Data Storage And Backup and Restore
Exchange Data Storage
Exchange stores its data in the closed, proprietary "Jet" database. This database has known issues, including issues with backup and restore:
- Backup and Restore require some level of freeze/replicate
- Backup is difficult or impossible to make incremental ("just backup what changed since last backup"), especially with large stores
- Restore is similarly very difficult or impossible to make granular ("just restore this one message")
Other key issues with the Exchange storage model include:
- The combination of Exchange and Jet drives inefficient use of storage - the system reads and re-reads, writes and re-writes the data on the disks, "thrashing" the disk heads and the whole storage subsystem. This in turn drives customers to buy very expensive high-end SANs to support Exchange's storage needs.
- When the "spreading corruption" strikes, Exchange mis-assigns a database ID. Over a period of time (days, weeks, or even months), the corruption spreads within the database until finally the system crashes. Unfortunately, when a recent backup is restored, it too contains corruption, and so the system crashes again shortly thereafter. Depending on what backups are available, it can be difficult or even impossible to rebuild a working system. For those who experience it, the "spreading corruption" issue is one they tend not to forget.
- Database Compaction - Exchange requires the Jet database to be compacted from time to time (Compacting removes white space in the database and also attempts to defragment individual data objects). Compaction requires a complete copy of the database to be made on disk - effectively doubling the required size of the storage. Compaction is a task that the administrator must complete from time to time to ensure that the system does not run out of space and/or slow to a crawl.
PostPath Server Data Storage
By contrast, PostPath uses the file system directly to store data with no intermediate database. Under this storage model, each user has their own folder within the store; each user's folder contains subfolders corresponding to calendar, Inbox and so on; and then within an individual subfolder each message is represented by a single file (approximately one file per message).
Using the file system offers a range of advantages:
- Speed - the store is very fast, not having multiple levels of indirection between the email and the storage subsystem, enabling use of lower cost storage.
- Simplicity of backup - backup becomes extremely simple and can be carried out using any standard file-server backup tool.

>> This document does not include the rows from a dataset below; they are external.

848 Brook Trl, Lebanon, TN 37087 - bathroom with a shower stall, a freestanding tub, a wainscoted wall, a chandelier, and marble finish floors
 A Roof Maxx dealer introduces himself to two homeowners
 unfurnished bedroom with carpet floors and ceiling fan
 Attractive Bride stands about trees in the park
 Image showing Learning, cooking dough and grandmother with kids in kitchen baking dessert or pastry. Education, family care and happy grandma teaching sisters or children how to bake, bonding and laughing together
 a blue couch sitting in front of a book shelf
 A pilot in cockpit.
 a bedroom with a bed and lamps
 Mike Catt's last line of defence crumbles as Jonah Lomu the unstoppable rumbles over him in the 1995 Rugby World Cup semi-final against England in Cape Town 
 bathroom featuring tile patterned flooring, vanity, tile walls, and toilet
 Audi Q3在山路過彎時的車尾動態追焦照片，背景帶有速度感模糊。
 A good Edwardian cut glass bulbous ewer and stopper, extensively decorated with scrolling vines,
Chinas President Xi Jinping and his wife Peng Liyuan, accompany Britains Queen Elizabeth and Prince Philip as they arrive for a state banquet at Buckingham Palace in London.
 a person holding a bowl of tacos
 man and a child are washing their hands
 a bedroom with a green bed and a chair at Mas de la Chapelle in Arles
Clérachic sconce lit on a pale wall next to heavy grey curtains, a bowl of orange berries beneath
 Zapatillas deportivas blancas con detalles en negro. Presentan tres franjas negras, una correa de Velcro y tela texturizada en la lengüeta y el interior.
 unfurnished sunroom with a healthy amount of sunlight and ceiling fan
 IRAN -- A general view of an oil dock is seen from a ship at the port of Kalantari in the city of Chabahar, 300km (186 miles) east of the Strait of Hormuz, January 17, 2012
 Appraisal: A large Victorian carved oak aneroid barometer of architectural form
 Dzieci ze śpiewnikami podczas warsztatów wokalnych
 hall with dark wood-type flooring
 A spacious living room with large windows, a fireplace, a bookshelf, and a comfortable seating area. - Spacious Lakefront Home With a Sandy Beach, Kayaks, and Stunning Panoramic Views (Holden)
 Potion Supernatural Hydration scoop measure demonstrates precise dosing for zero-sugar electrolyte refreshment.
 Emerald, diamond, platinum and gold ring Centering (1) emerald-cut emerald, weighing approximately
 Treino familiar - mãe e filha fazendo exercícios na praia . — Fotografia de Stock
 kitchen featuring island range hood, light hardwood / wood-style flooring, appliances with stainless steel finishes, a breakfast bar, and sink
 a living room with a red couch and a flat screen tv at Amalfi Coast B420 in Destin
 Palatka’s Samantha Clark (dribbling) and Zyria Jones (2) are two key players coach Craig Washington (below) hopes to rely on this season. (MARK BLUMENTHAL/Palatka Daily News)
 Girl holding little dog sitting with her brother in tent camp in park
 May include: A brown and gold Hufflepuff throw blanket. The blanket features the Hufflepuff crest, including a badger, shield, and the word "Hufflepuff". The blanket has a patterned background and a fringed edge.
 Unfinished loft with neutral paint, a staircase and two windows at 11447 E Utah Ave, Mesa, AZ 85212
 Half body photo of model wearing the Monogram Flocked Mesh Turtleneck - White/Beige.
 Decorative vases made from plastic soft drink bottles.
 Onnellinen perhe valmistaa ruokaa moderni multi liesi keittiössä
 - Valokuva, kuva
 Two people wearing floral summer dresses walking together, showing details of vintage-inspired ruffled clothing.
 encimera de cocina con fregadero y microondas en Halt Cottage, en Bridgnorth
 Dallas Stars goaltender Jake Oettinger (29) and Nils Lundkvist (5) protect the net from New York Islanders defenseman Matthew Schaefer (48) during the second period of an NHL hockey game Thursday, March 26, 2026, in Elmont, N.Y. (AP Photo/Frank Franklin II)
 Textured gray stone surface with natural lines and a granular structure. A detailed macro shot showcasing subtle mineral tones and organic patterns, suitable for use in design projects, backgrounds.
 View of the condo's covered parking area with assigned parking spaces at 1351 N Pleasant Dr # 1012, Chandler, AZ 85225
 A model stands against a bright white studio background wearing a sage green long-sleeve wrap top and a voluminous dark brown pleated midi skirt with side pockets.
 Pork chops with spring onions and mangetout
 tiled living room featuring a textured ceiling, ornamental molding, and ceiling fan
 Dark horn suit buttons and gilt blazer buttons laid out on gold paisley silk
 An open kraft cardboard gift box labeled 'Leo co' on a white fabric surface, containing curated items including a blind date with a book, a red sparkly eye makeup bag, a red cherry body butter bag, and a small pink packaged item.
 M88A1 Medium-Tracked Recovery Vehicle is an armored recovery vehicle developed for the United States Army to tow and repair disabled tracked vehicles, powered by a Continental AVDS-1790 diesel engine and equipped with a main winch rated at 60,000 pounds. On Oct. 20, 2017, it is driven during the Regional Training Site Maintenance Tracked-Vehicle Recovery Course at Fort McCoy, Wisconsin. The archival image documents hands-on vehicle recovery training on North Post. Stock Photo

Its live (no freeze/replicate needed), incremental, and granular down to the message (file) level, and as simple as backing up a file server. There is no need for snap-shot capable hardware, or for specialized Exchange backup or archiving tools.
- Backup is incremental - most file backup tools will easily perform an incremental backup on PostPath's store; backing up messages that have changed since the previous day is simply a matter of backing up files changed from the previous day.
- Restore is granular - restore a single message by restoring a single file, a folder by restoring a folder, a whole user by restoring that user's folder and subfolders, or the whole store simply by moving back the folder tree that contains all the users. There is no need to mount the back-up in a PostPath Server - the PostPath file-browser and restore tool can restore files directly from a copy of the old file-set, or even from a subset of the file-set if you know what file or folders you are interested in.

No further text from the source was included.